I make bold to say that our best wine brandy can compete with the very best foreign types – even the famous cognacs from the Charente region in France – and do not have to stand back for them at all.
A lot of nonsense is spoken about ‘old brandy’. ... It is not practical to keep brandy in the vat too long, for it evaporates, and a small vat of brandy will be bone-dry after ten years. It is therefore clear that no brandy can stay in a vat for a hundred years; and it is equally clear that a ‘Napoleon-brandy’ from 1815, that has been kept in a bottle, will today be no better than it was then. We have brandy today that is considerably better than that of earlier times.
The truth is that very old brandy is just about undrinkable, because it is so saturated with ethereal salt and volatile acids that it will burn your mouth and lips. A small quantity of such a very old brandy is used to blend a good, younger one – it gives the younger liquid more body and a pleasant bouquet, aftertaste and oiliness. Such additives should, however, be used with the utmost care, for the ‘blending’ of brandy is a matter for the connoisseur. It is therefore done exclusively by the experts attached to the large firms.
For the normal afficionado, a good wine brandy of about ten to twelve years is just as good and tasty as a much more expensive one blended with an age-old liquid, be it imported or local. We now have many such good brandies on the market, and you can get them from any wine merchant. Try the different kinds. Pour a few drops of each into a dry wine glass – it is by no means necessary to use a large ‘brandy glass’ – and sample each, first with your nose and tongue. Warm the glass between your hands to cause the volatile acids to evaporate. Do not pay too much attention to the colour, unless it is too dark – the colour will in most cases have been enhanced by adding burnt sugar or something like that, which will not influence the taste very much. Too light a colour may make you suspect that the brandy has not matured for long enough in oaken vats, but your tongue and palate will be a better guide than your eye. Now taste the warmed liquid; ‘feel’ it on your tongue, and let it warm further – so that the back of the palate can taste the flavour. Try to judge the extent to which the taste is even, oily and without bite, but still has a pleasant tingle. Then swallow and savour the aftertaste. Take a small sip of water, and try another sample in the same way; and decide according to your own taste which brandy you prefer.
Now squirt a few drops of soda water in one of the glasses, and try again. See which of the different samples passes the ‘mixture test’. A first-class brandy will immediately impart its good qualities to the mixture; its flavour will be, as it were, germinated by the carbon hydroxide; its tingling taste will be strengthened to a certain extent. On the other hand, you will, if you have a sensitive palate, immediately spot the lesser kind – that which still has some volatile acids that a good brandy should have given up to the wood of the vat. A subtle change in the aftertaste indicates the presence of the secondary wine spirit – a touch of ‘bitterness’ might then even be noticed. Now compare your observations during the ‘mixture test’ with those made when tasting the pure liquid, and make your choice.

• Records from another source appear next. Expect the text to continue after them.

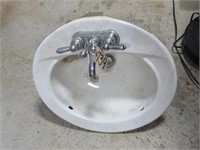 porcelain sink w taps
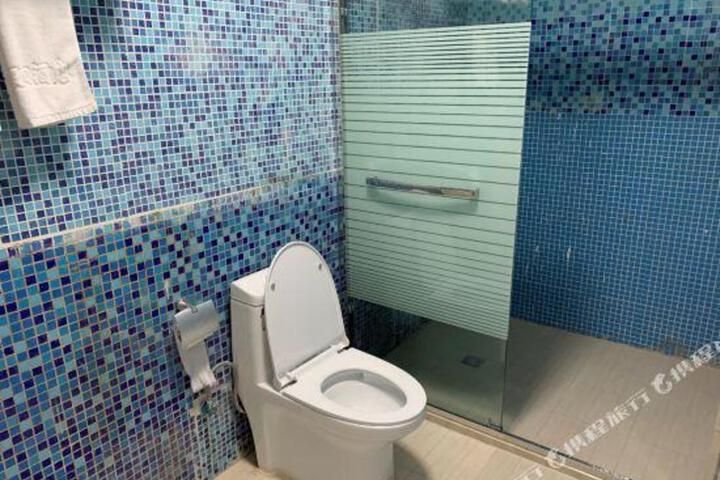 Yuandong Holiday Hotel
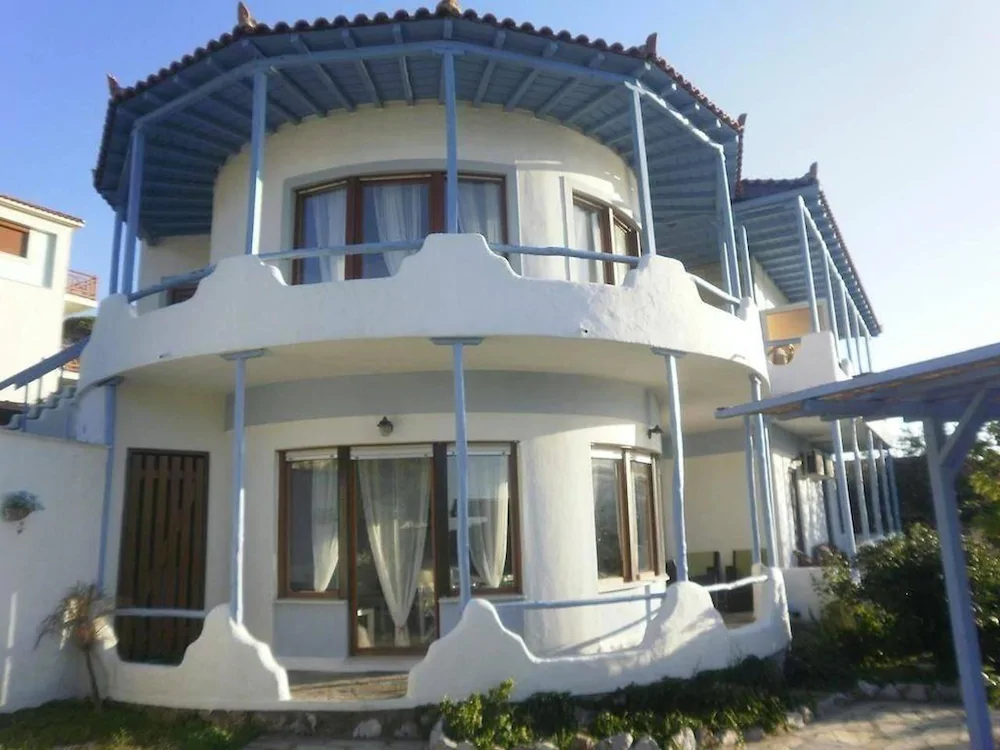 Karavos Apartments & Villa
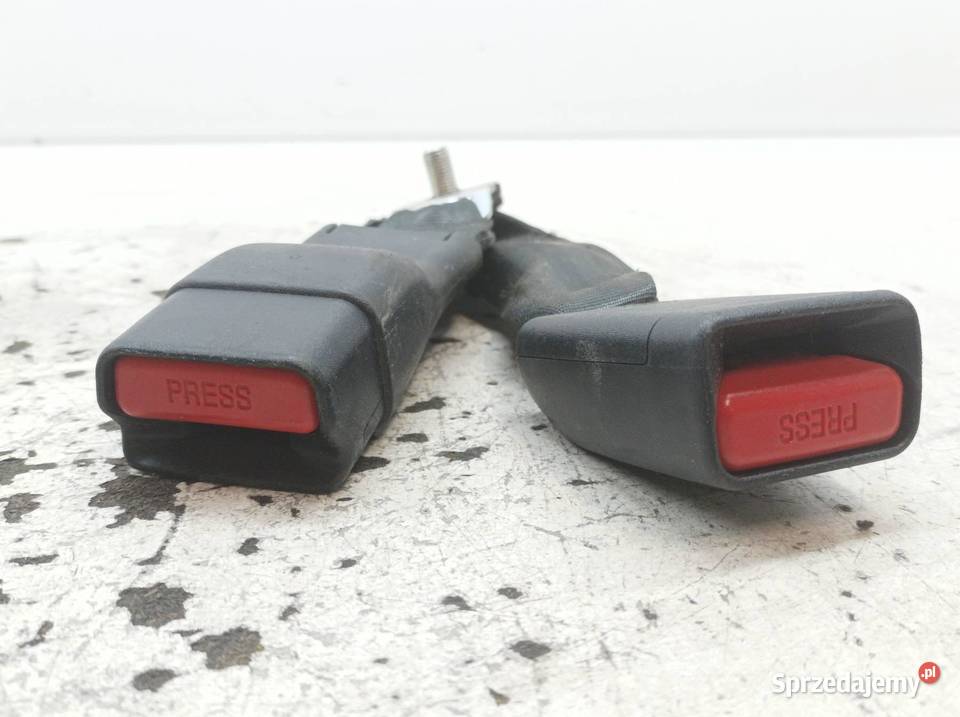 ZAPINKA PASA BEZPIECZEŃSTWA TYŁ KANAPY E16 E17 Pasy bezpieczeństwa sprzedam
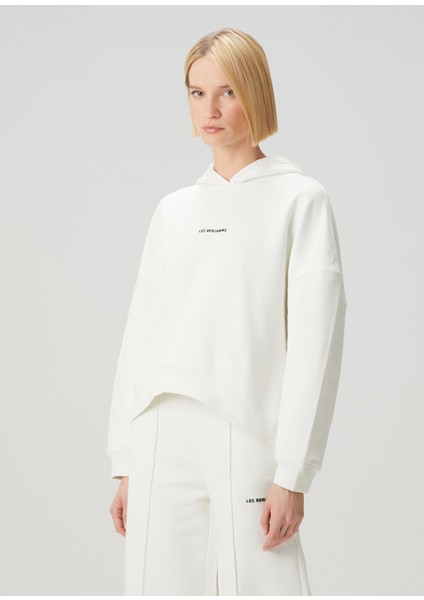 Beyaz Kapüşonlu Sweatshirt modelleri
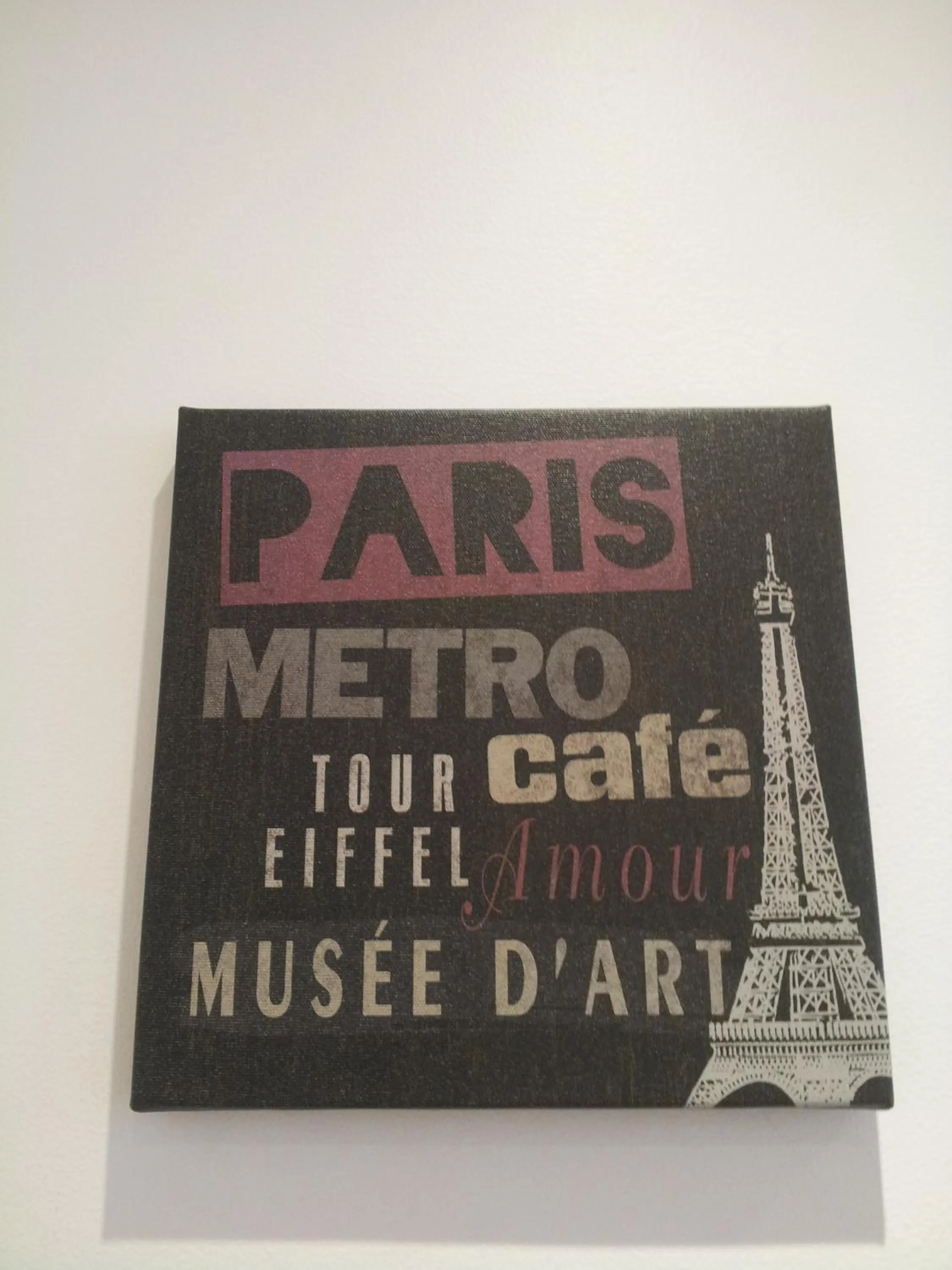 Decorative detail in Residenza Piazza Moro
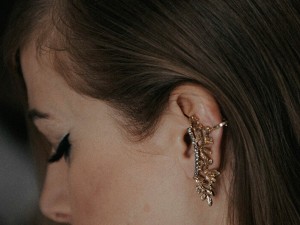 From Taobao to Shelves: How OpenChinaCart Simplifies Global Sourcing of Butterfly Ear Cuffs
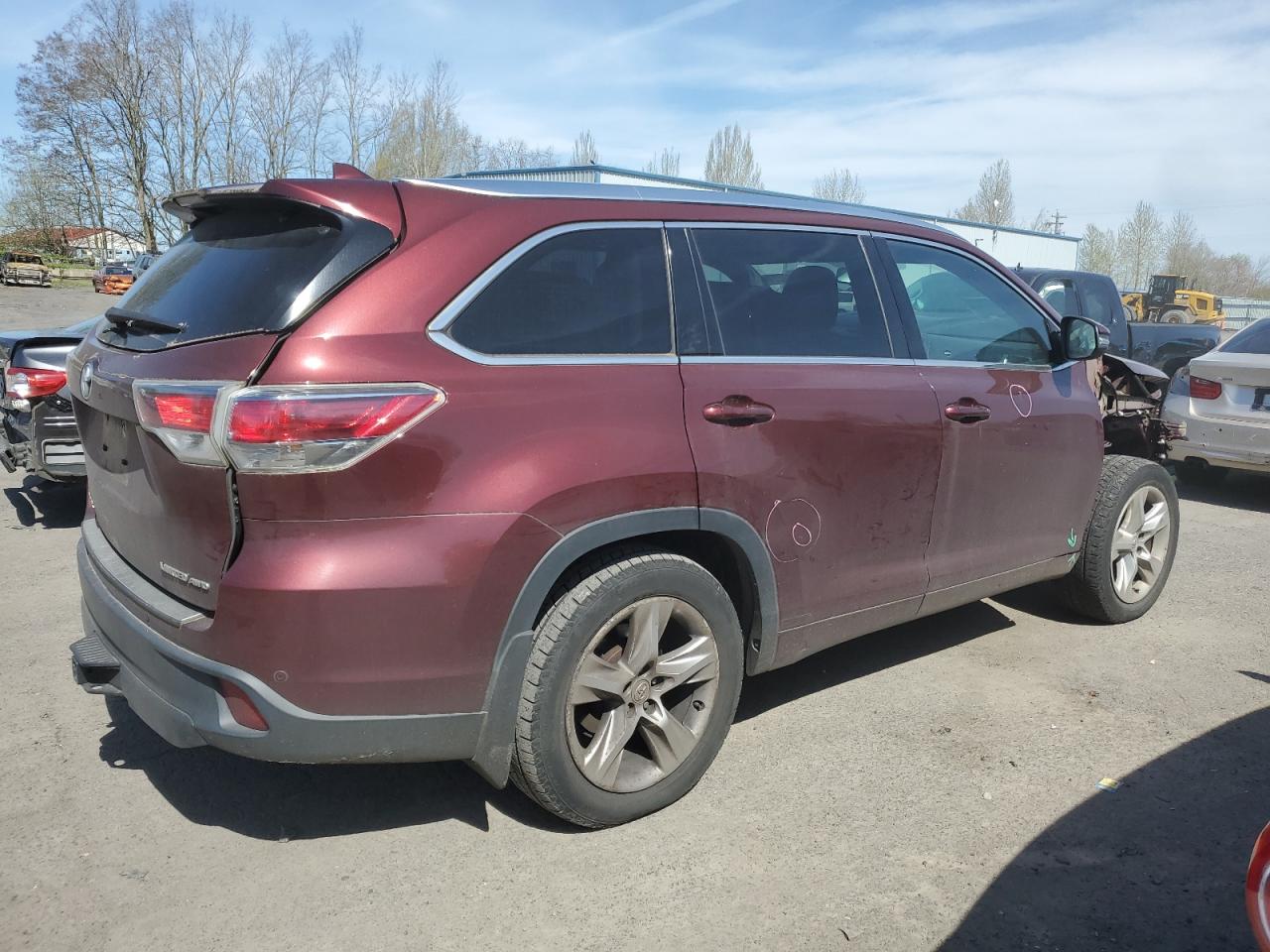 Photo 2 VIN: 5TDDKRFH1FS103995 - TOYOTA HIGHLANDER 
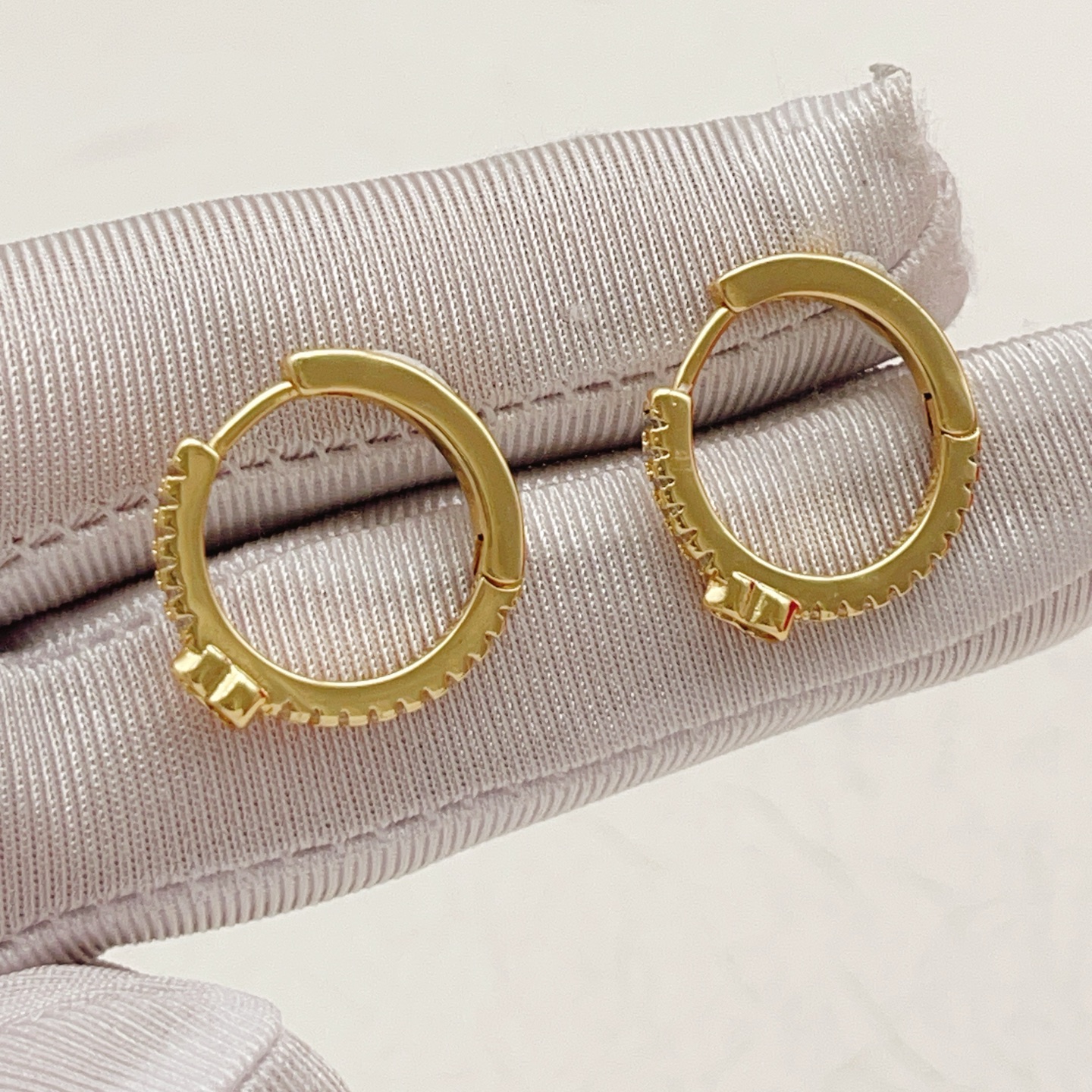 Qeelin Wulu earrings 18K yellow gold with clear diamond accents 15mm hoop diameter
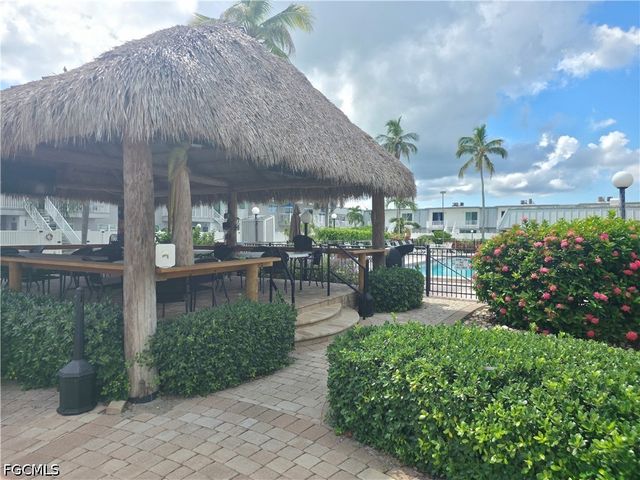 6777 Winkler RD 156, Fort Myers, FL 33919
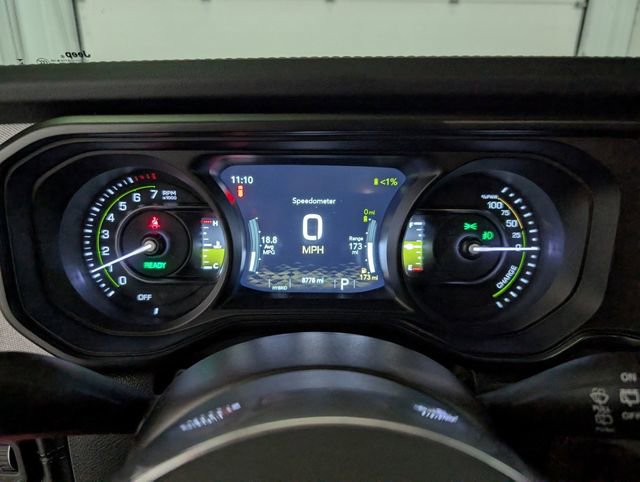 Used 2025 Jeep Wrangler Unlimited Sahara AWD/4WD image 14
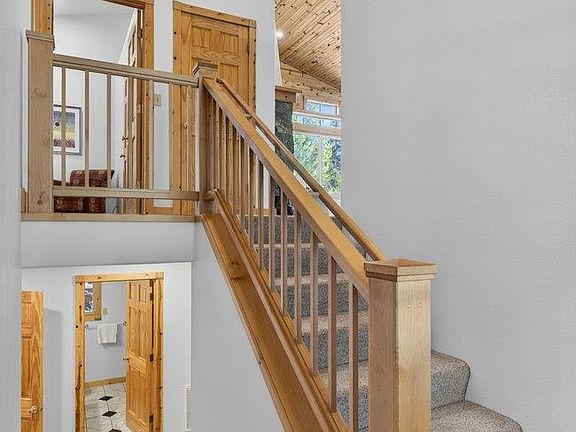 5th image of 10265 Blue Jay Ln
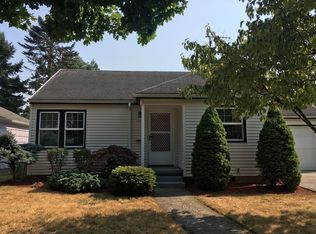9028 SE Alder St, Portland, OR 97216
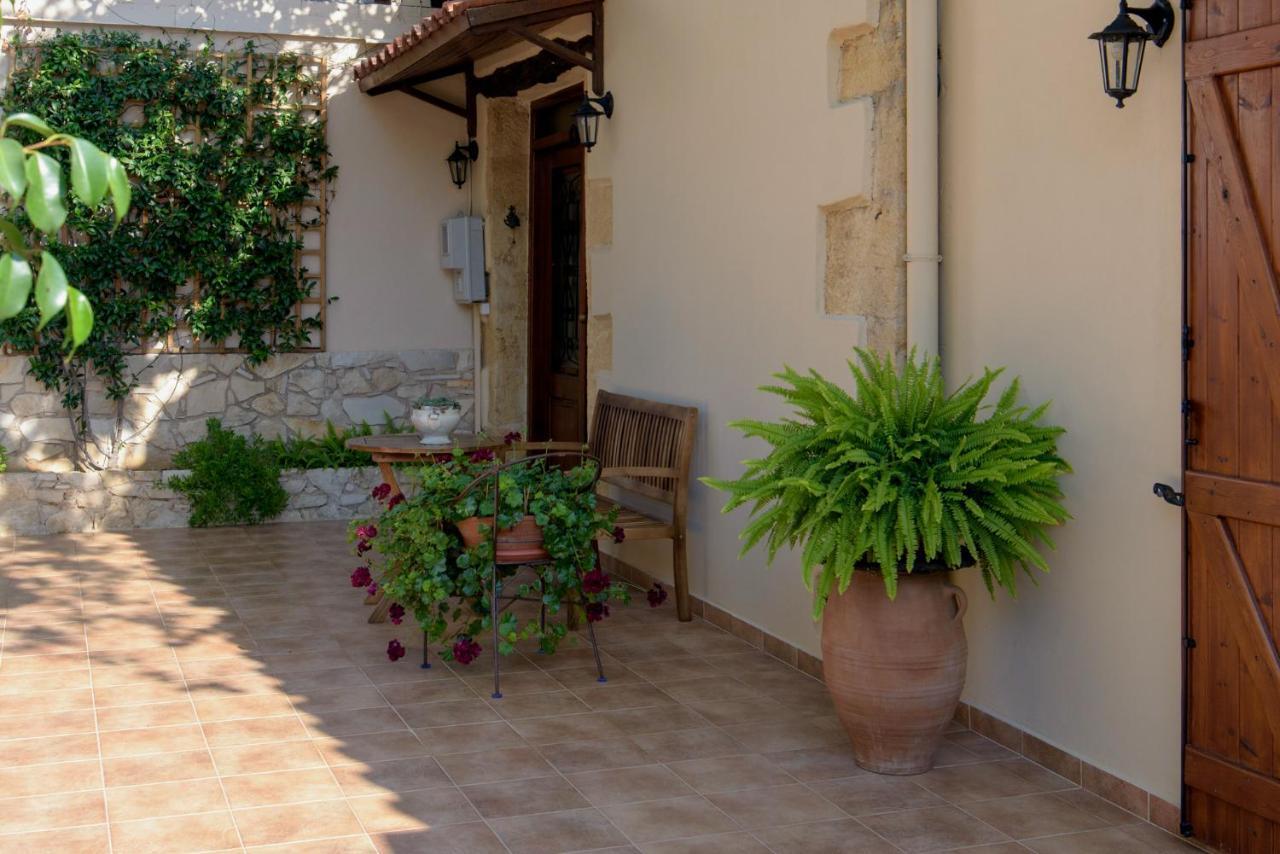 Alia Stone Villa-Ideal For Families-Heated Pool Nohia Екстериор снимка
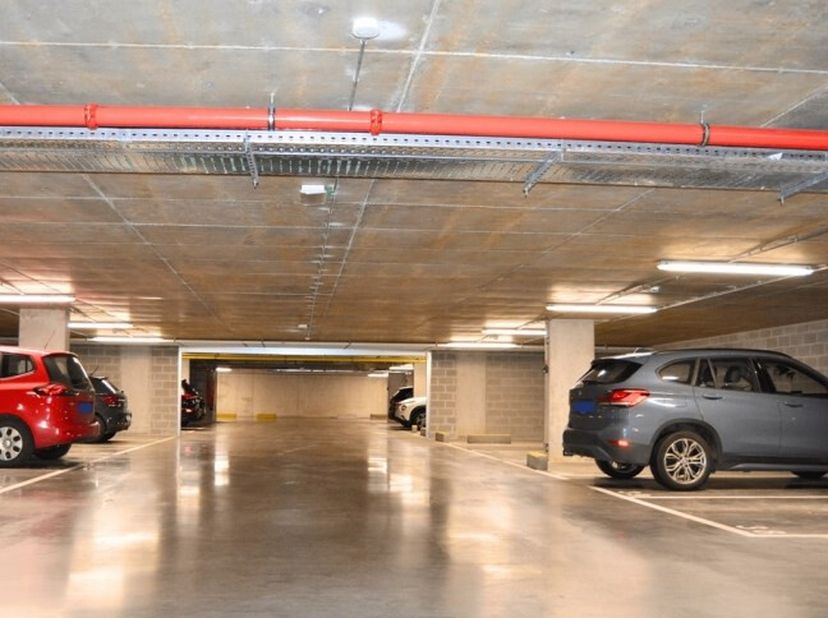 Garage à vendre
                    à 9052 Zwijnaarde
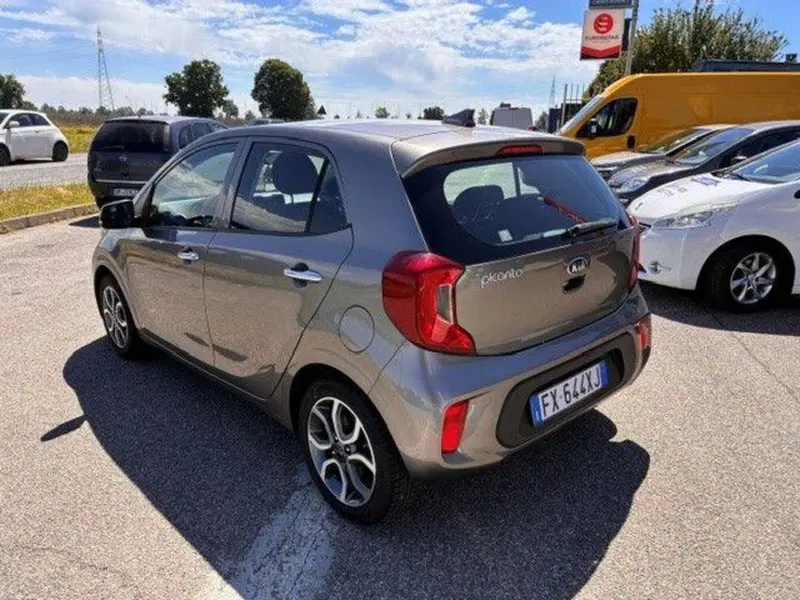 Kia Picanto usata a Milano (3)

The brandy you like most is the one that will best agree with you. Don’t be impressed by labels or advertisements – make your choice according to your own taste. And then treat your choice with love and understanding. Enjoy it in moderation, preferably after a good lunch or supper, with or after coffee if you like it in its naked purity. Otherwise, again in moderation, with clean spring water, or, if you prefer, soda water. And on a cold winter’s evening, when the wind is howling outside and you are sure that your lambs are safely protected in the kraal, with warm water, a piece of cinnamon, a lump of sugar and a flake of lemon peel, as a warm drink.